Es wäre doch auch eine Option meinem Kind die Möglichkeit zu geben im Netz Erfahrungen zu sammeln und diese Erfahrungen mit ihm zu besprechen - Naja - oder ich wähle eben die Erfahrungen aus.
Ich denk mal wieder an meine Kindheit zurück. Die bösen großen Halbstarken die auf dem Spielplatz rumgelungert sind und sich beleidigt haben scheinen mich irgendwie nicht so psychisch verwirrt zu haben, oder so sehr psychisch verwirrt zu haben, dass ich es wirklich als störend Empfunden hätte, wenn meine Eltern vorher meine Konversation mit meinen Freunden - oder eben auch diesen Halbstarken - gefiltert hätten. Oder wenn ich für private Korrespondenz jedesmal einen Aufpasser gehabt hätte.
Es ist sogar so: Ich bin dankbar dafür. Auch schlechte Erfahrungen die ich gesammelt habe, sind Erfahrungen die mich in meinem Leben weiter gebracht haben. Auch die sinnlosen, beleidigenden und verletzenden Wortgefechte oder kindlichen Prügeleien mit meinen Freunden oder ehemaligen Freunden gehören dazu. Auch über die habe ich gelernt - gelernt Worte einzuordnen, gelernt Spaß zu verstehen, gelernt Sarkasmus zu verstehen, gelernt Beleidigungen zu ertragen und gelassen zu reagieren, gelernt mich zu Artikulieren - und nicht zuletzt gelernt, dass es weh tut wenn man sich prügelt.

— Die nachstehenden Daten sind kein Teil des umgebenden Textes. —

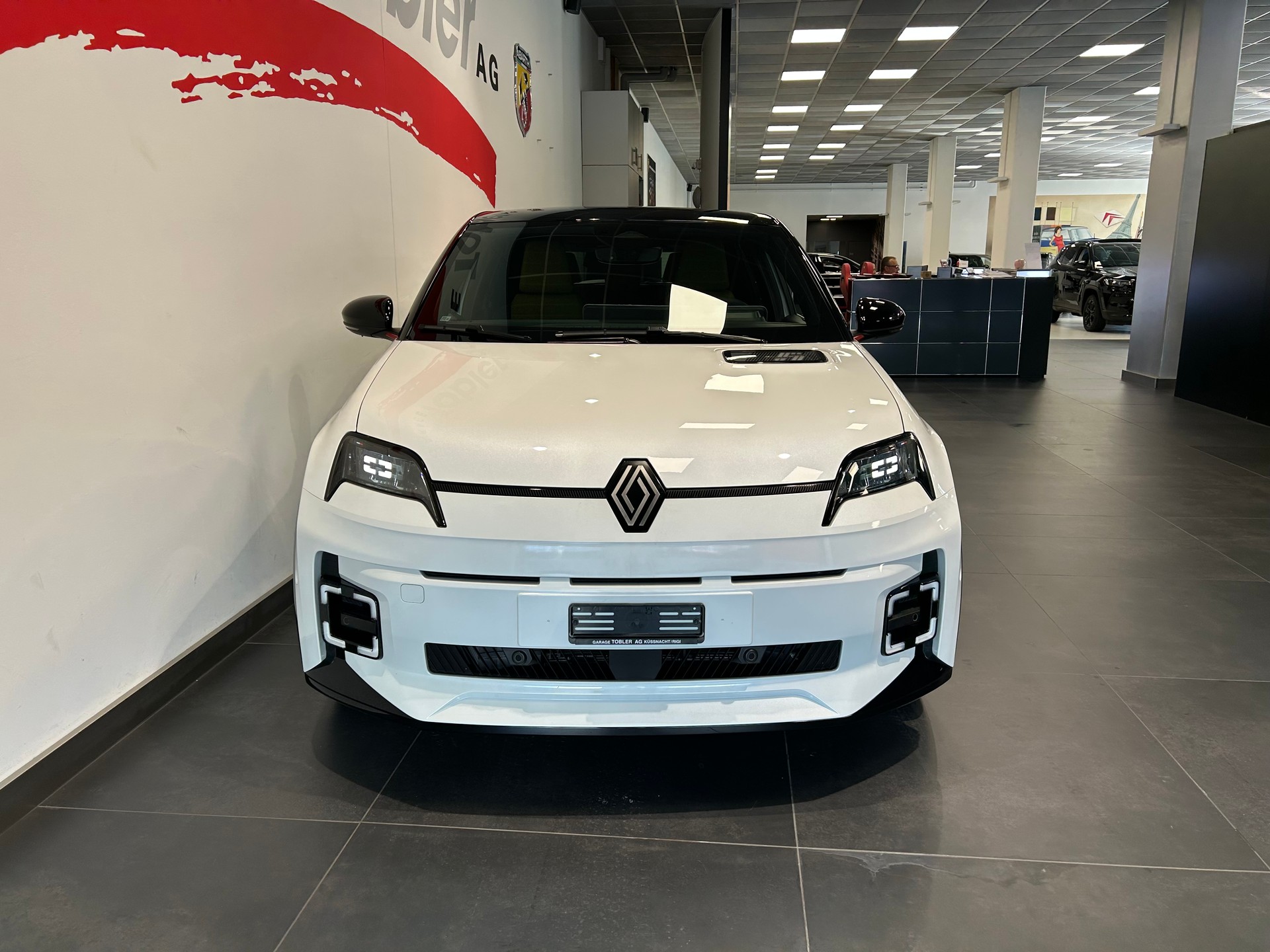 RENAULT R5 E-Tech Comfort Range 52 kWh Iconic Five-image-3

Aber nachdem ich die Hälfte davon sowieso schon angesprochen hab hier gleich noch der 3. Punkt:
3. Jedes Kind kann sich ein Adressbuch anlegen. E-Mail-Adressen, die in diesem Adressbuch verzeichnet sind, werden unmittelbar an das Kind weiter geleitet. Alle anderen E-Mails mit unbekannten Absenderadressen werden nicht direkt an das Kind durchgestellt. An die Elternadresse allerdings schon. Das Kind erhält nur die Absenderzeile, die Betreff-Zeile und einen Warnhinweis. Dann kann es selbstständig entscheiden, ob es die Absender-E-Mail-Adresse neu in das eigene Adressbuch aufnehmen und dann die E-Mail ansehen möchte oder nicht. E-Mails mit Spam und Viren werden außerdem vom System noch einmal getrennt vorab gefiltert.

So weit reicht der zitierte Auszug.